Singles from Blues for Greeny
- "Need Your Love So Bad" Released: 5 June 1995;

= Blues for Greeny =

Blues for Greeny is the tenth solo studio by Irish guitarist and singer Gary Moore, released in 1995. It is a tribute to Peter Green, guitarist and founder member of the band Fleetwood Mac. The album was recorded using the same 1959 Les Paul Standard Green played on the original tracks. Green loaned and then sold the guitar to Moore after leaving Fleetwood Mac.

Professional ratings
Review scores
| Source | Rating |
| AllMusic |  |
| sputnikmusic |  |
| The Penguin Guide to Blues Recordings |  |

==Track listing==

| No. | Title | Writer(s) | Original artist | Original appearance | Timing | Notes |
| 1 | If You Be My Baby | Peter Green, Clifford Adams | Fleetwood Mac | Mr.

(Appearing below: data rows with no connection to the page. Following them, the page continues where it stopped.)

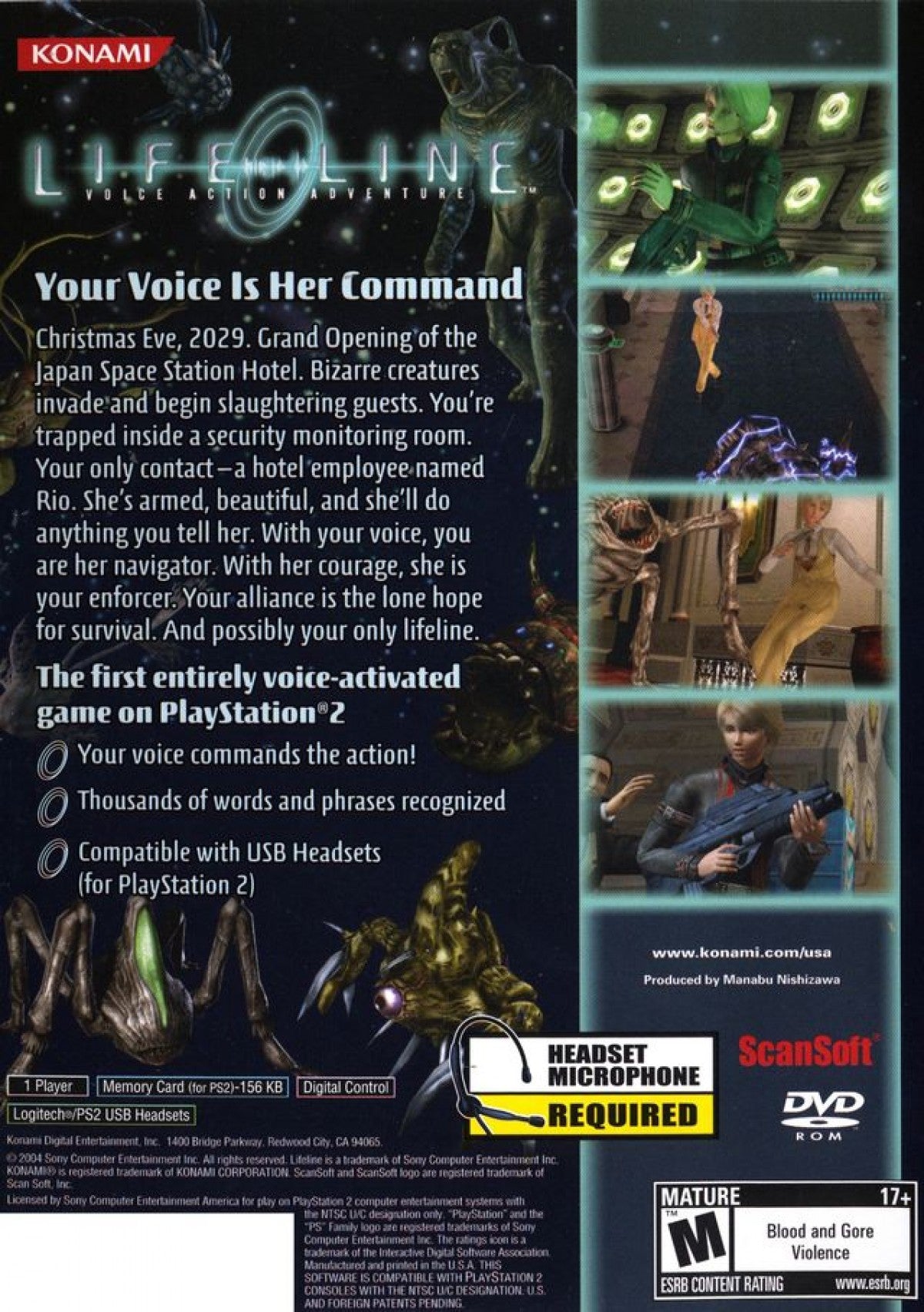 LifeLine PlayStation 2 PS2 retro video game survival horror back of case (2004)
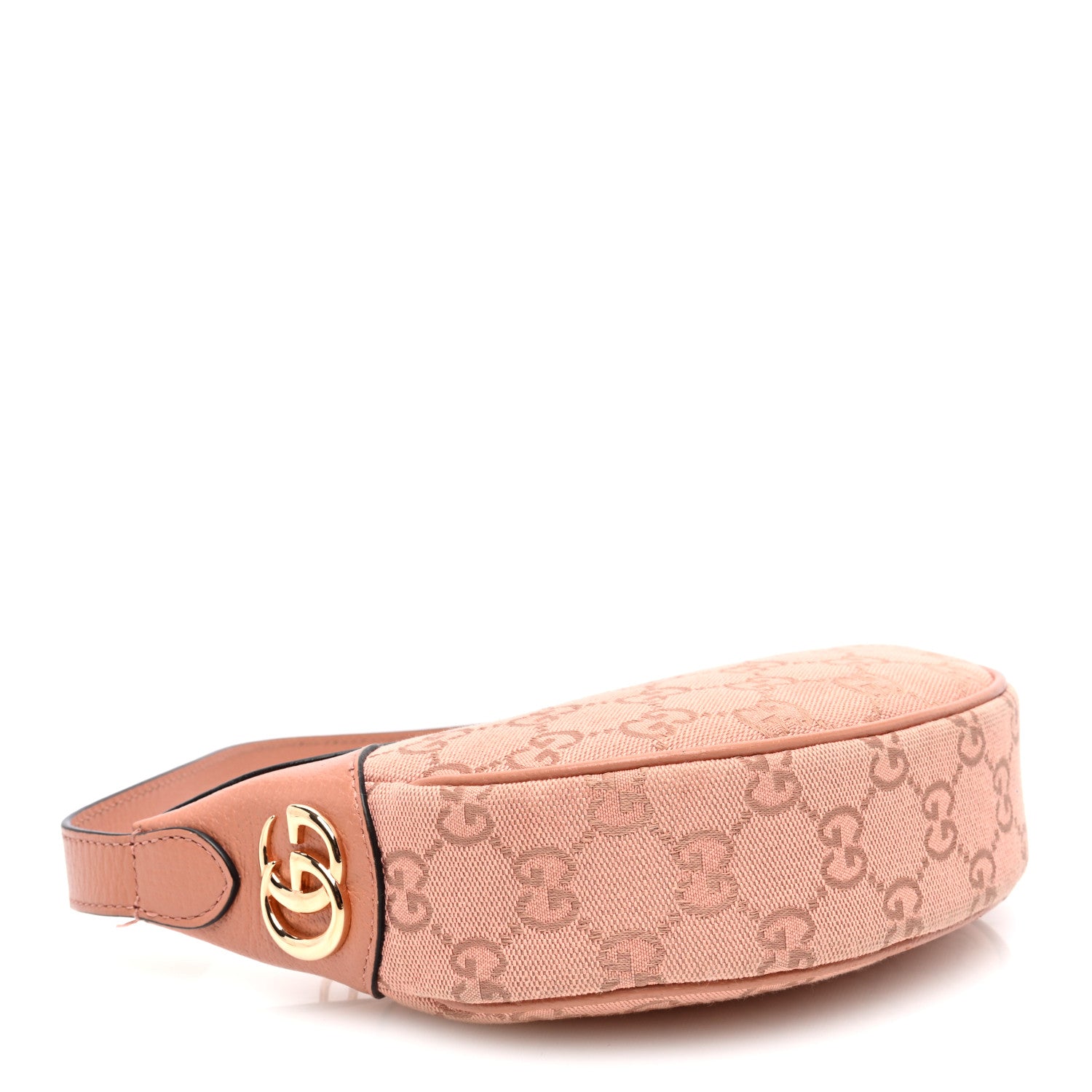 Gucci GG Supreme Monogram Textured Calfskin Web Mini Ophidia Half Moon Hobo Rose Pink 4 of 10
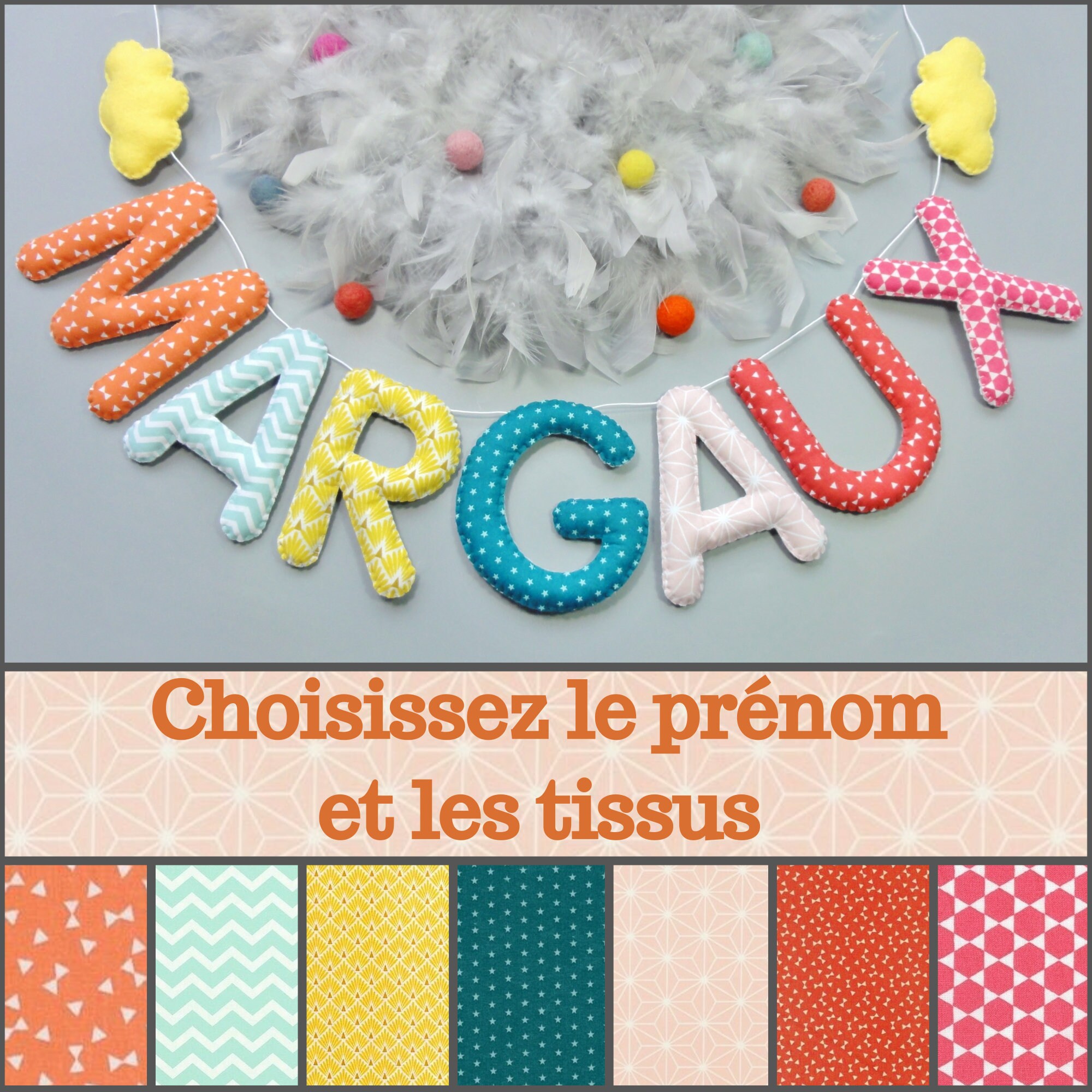 Guirlande Prénom Décorative en Tissus. Cadeau Naissance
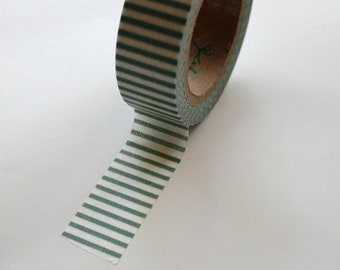 Washi Tape - 15mm - Steel Blue and White Horizontal Stripe - Deco Paper Tape No. 361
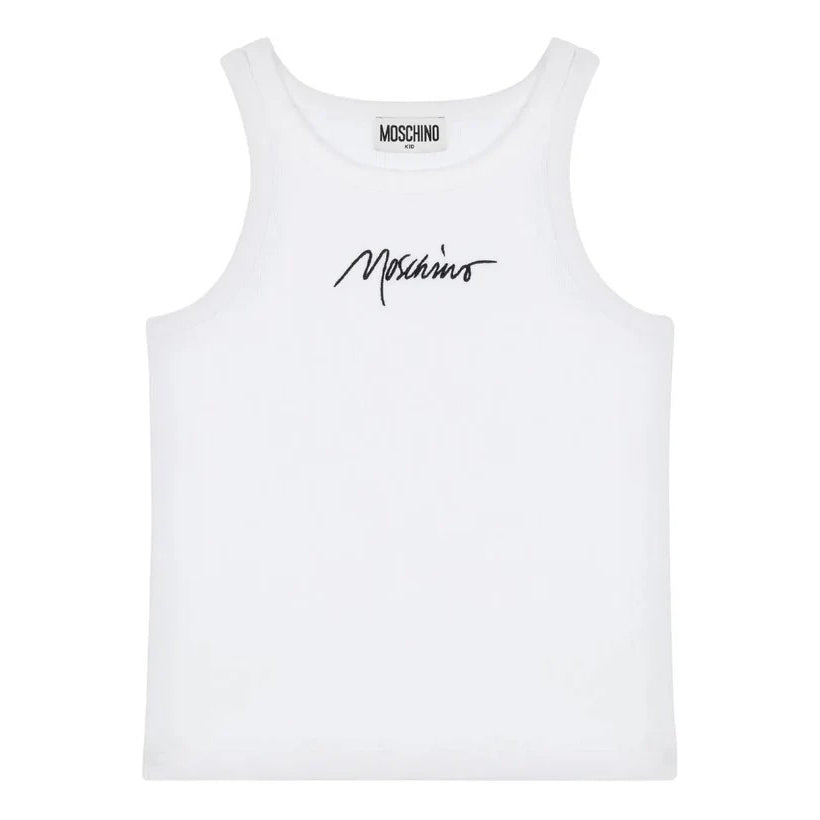 Girls White Embroidered Logo Cotton Vest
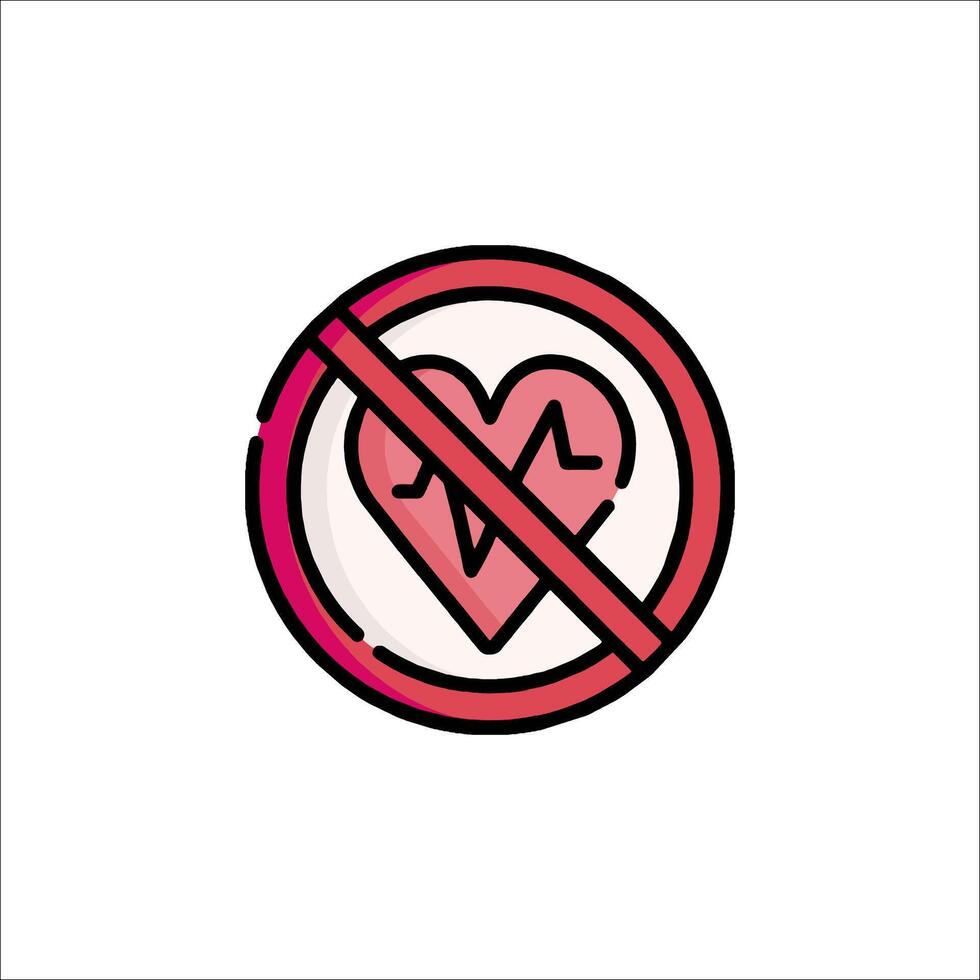 No heart beat icon illustration vector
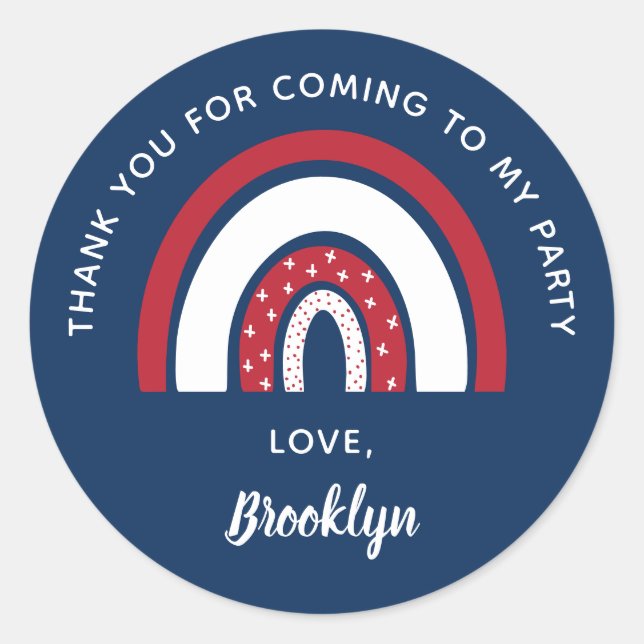 Thank You For Coming To My Party Blue Red White Classic Round Sticker (Front)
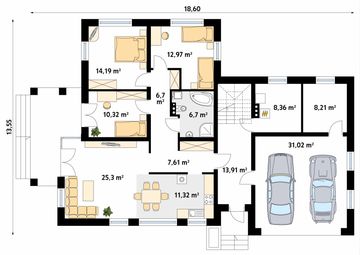 Projekt domu Arkan - rzut parteru, dom liczy 6 pokoje, 2 łazienki i wc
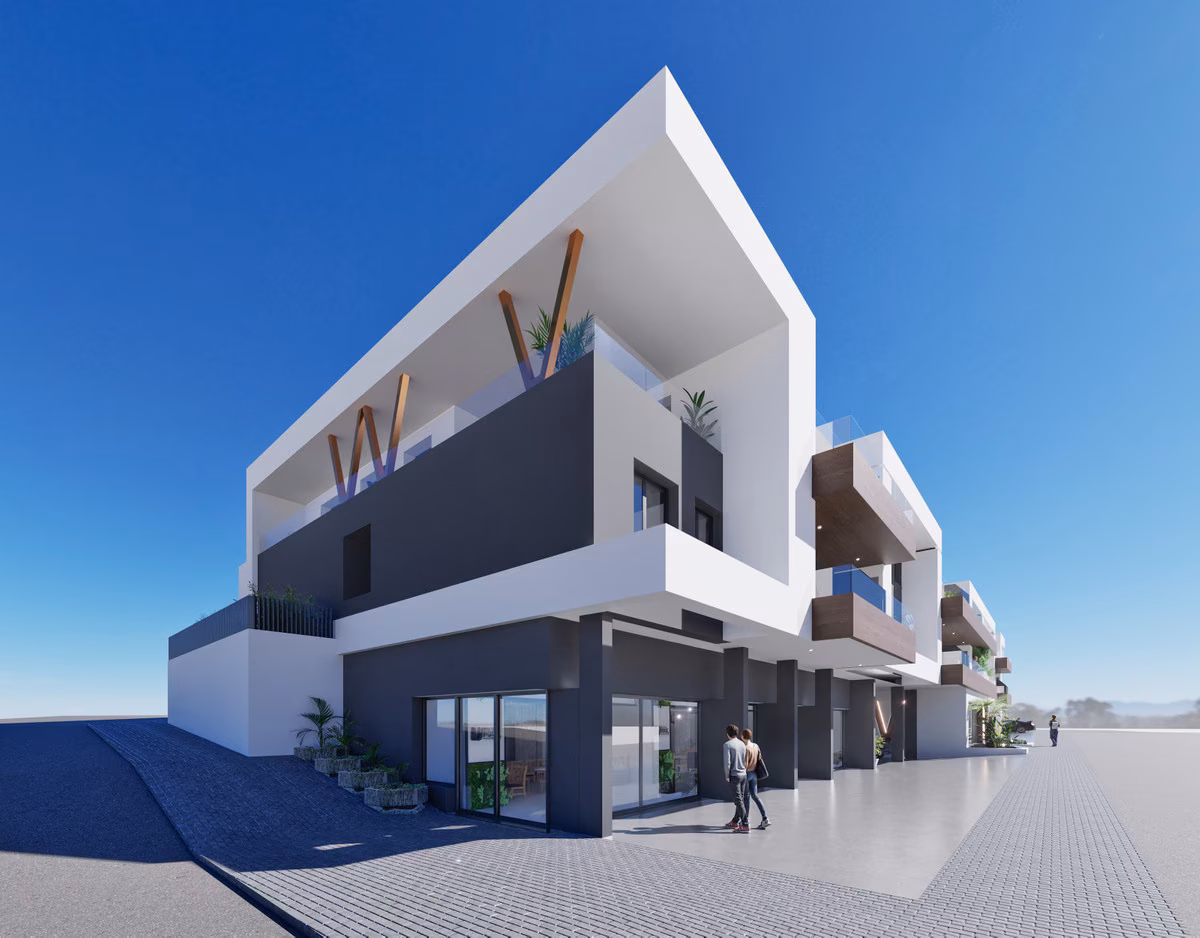 Белый угловой фасад Waldorf Astoria с улицы, Бенихофар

Wonderful (1968) | 6:38 |  |
| 2 | Long Grey Mare | Green | Fleetwood Mac | Fleetwood Mac (1968) | 2:04 |  |
| 3 | Merry-Go-Round | Green | Fleetwood Mac | Fleetwood Mac (1968) | 4:14 |  |
| 4 | I Loved Another Woman | Green | Fleetwood Mac | Fleetwood Mac (1968) | 3:05 |  |
| 5 | Need Your Love So Bad | Little Willie John, Mertis John Jr. | Little Willie John | Single release (1955) | 7:54 | Sourced from Fleetwood Mac's 1968 cover of the song |
| 6 | The Same Way | Green | John Mayall & the Bluesbreakers | A Hard Road (1967) | 2:35 |  |
| 7 | The Supernatural | Green | John Mayall & the Bluesbreakers | A Hard Road (1967) | 3:00 |  |
| 8 | Driftin' | Green | Fleetwood Mac | The Original Fleetwood Mac (1971) | 8:29 | Recorded 1967 - The Original Fleetwood Mac was an archive album |
| 9 | Showbiz Blues | Green | Fleetwood Mac | Then Play On (1969) | 4:08 |  |
| 10 | Love That Burns | Green, Adams | Fleetwood Mac | Mr. Wonderful (1968) | 6:28 |  |
| 11 | Looking For Somebody | Green | Fleetwood Mac | Fleetwood Mac (1968) | 7:12 |

1.

Bonus tracks on the 2003 digitally remastered edition. These Bonus tracks were released as CD-single tracks on Need Your Love So Bad CD-Single VSCDG 1456.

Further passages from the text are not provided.